Implied vs Realized vs Historical Volatility: Options 101

In options trading, there are three volatility measures worth knowing: implied volatility, realized volatility, and historical volatility. Implied volatility reflects market uncertainty about future movement. Realized volatility is what actually happened while you held the trade. Historical volatility is that same backward-looking calculation measured over a fixed period, such as the last 30 or 90 days.

Updated
June 18, 2026
implied, historical and realized IV explained

In this article, we're going to explore three different volatility metrics. Spoiler alert: most options traders only care about implied volatility (IV). This is because IV is forward-looking, while realized and historical volatility look backward.

Highlights

  • Volatility is measured in three ways. Implied volatility is forward-looking, while realized and historical volatility are backward-looking.
  • Implied volatility cannot be calculated from the price data alone. It is obtained by entering an option's market price into a pricing model such as Black-Scholes and solving for the volatility that the price implies.
  • Historical volatility serves primarily as a point of reference. It indicates whether current implied volatility is elevated or depressed relative to a stock's typical behavior.
  • Realized volatility measures how much an underlying actually moved over a given period
  • Option prices reflect expectations of future movement, therefore implied volatility is the measure myself and most traders monitor closest

Volatility Overview

When trading options, volatility is the one input that moves premiums the most, so it pays to know all three measures. Before we get into the nuts and bolts of our three different volatility metrics, let's first look at a brief comparison of them. Please note that options traders almost exclusively focus on implied volatility (IV).

When IV is expensive, many professional traders prefer selling options. When IV is cheap, traders often position themselves to buy options, or go net debit, looking to benefit from a large move in the underlying asset, whether that be a stock, ETF, or index.

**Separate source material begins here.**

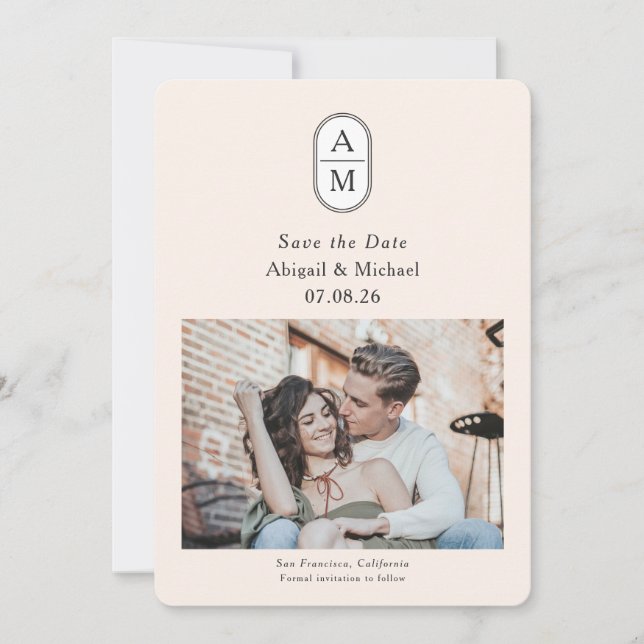 Reserva La Fecha Foto de pareja de arco moderno con iniciales (Anverso)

Volatility Type Direction What It Measures Why It Matters to You
Implied (IV) DirectionForward What It MeasuresWhat the market expects the stock to do, backed out of an option's price Why It Matters to YouIt's what you pay for volatility today. High IV, fat premiums. Low IV, cheap ones.
Realized (RV) DirectionBackward What It MeasuresWhat the stock actually did over the window you care about, usually the life of your trade Why It Matters to YouIt decides the outcome. Buyers want RV above the IV they paid. Sellers want it below.
Historical (HV) DirectionBackward What It MeasuresThe same math as realized, pointed at a fixed past window like 30 or 90 days Why It Matters to YouA reference point. Tells you if today's IV looks cheap or expensive versus normal.
Forecast (FV) bonus DirectionPredicted What It MeasuresYour own estimate of what realized volatility will turn out to be, from a model or your judgment Why It Matters to YouThe trade itself. When your forecast disagrees with implied, that gap is the edge you are betting on.

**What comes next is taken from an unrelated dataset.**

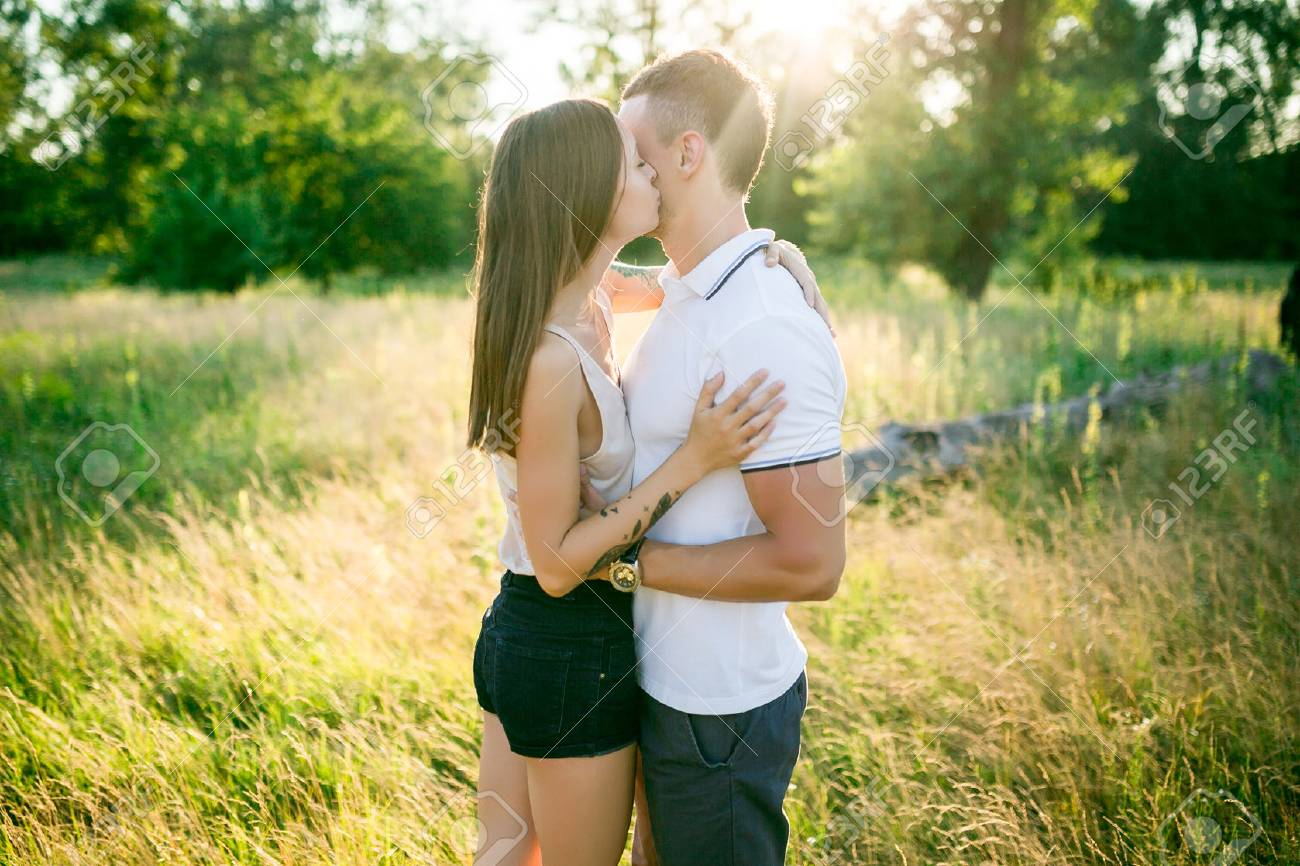 Bonne Jeune Couple Dans La Nature Funfamily Extérieur Baiser Damour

What Is Implied Volatility?

Implied volatility is the market's expectation of how much a stock will move in the future, expressed as an annualized percentage. It reflects market sentiment and market uncertainty about how far the underlying price will move. You don't measure it from price history. You back it out of an option's current market price using a pricing model like Black-Scholes. Take the price the option is trading at, plug it into the model, and solve for the volatility number that makes the math line up.

That makes IV the only truly unknown input in options pricing. Strike price, stock price, time to expiration, and interest rates are all known. Volatility is the variable the market argues over, and it's the one that moves premiums. When IV rises, option premiums inflate. When it falls, they fall, which is the IV crush you hear about around earnings.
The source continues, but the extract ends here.